Mas alguns membros mais velhos da comunidade gay de Orlando veem essa catarse pós-Pulse como um eco daquele tempo, com uma notável exceção.
"Desta vez, estamos muito mais avançados em nossa autoaceitação", disse Tom Dyer, 60, que faz a crônica da comunidade gay da região central da Flórida desde que fundou a "Watermark", uma revista para LGBTs [lésbicas, gays, bissexuais e transexuais] em 1994. As atitudes culturais de modo geral também mudaram, acrescentou ele.
O pai de Casillas, que é dono de uma oficina mecânica de carros, pareceu aceitá-lo no dia do massacre, disse o rapaz, ao se debruçar sobre a mesa e beijá-lo na cabeça. "OK, Papa", disse Joe Casillas, usando uma expressão carinhosa.
Mas nem todas as famílias aprovaram tranquilamente a sexualidade de seus filhos.
Pedro Julio Serrano, 41, um ativista gay em Porto Rico, foi a oito enterros de vítimas da Pulse. Em um deles, a mãe de Gilberto Ramon Silva Menendez, que estava entre os 49 mortos, circulava pelo local com uma bandeira do arco-íris, anunciando seu orgulho pela identidade do filho.
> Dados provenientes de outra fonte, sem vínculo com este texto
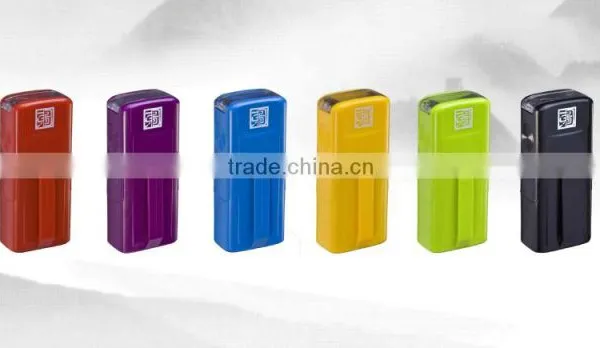NEW Epress Square Pocket Mini Name Handy Stamps,Lovely Kids Rubber Stamp,Chirldren Self-Inking Stamp photo-3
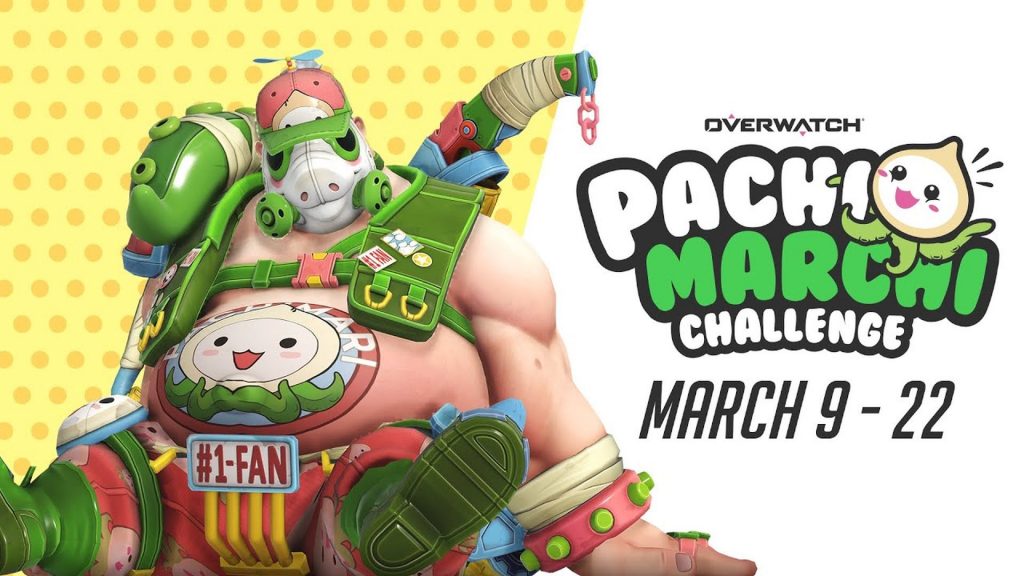 Overwatch PachiMarchi Challenge Adds New Roadhog Skin, Available Till March 22nd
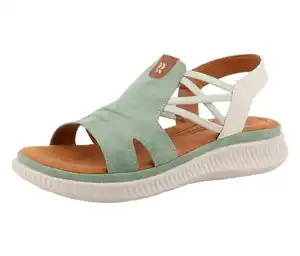 Romika Sandaletten, salbeigrün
Em duas outras ocasiões, porém, ele disse que pôde ver que alguns parentes estavam envergonhados: "Eles preferiam lidar com aquilo em particular, e ninguém precisava saber que tinham um filho ou uma filha gay. Eu posso ver e sentir isso. E apenas quero abraçá-los e lhes dizer que não há nada de errado".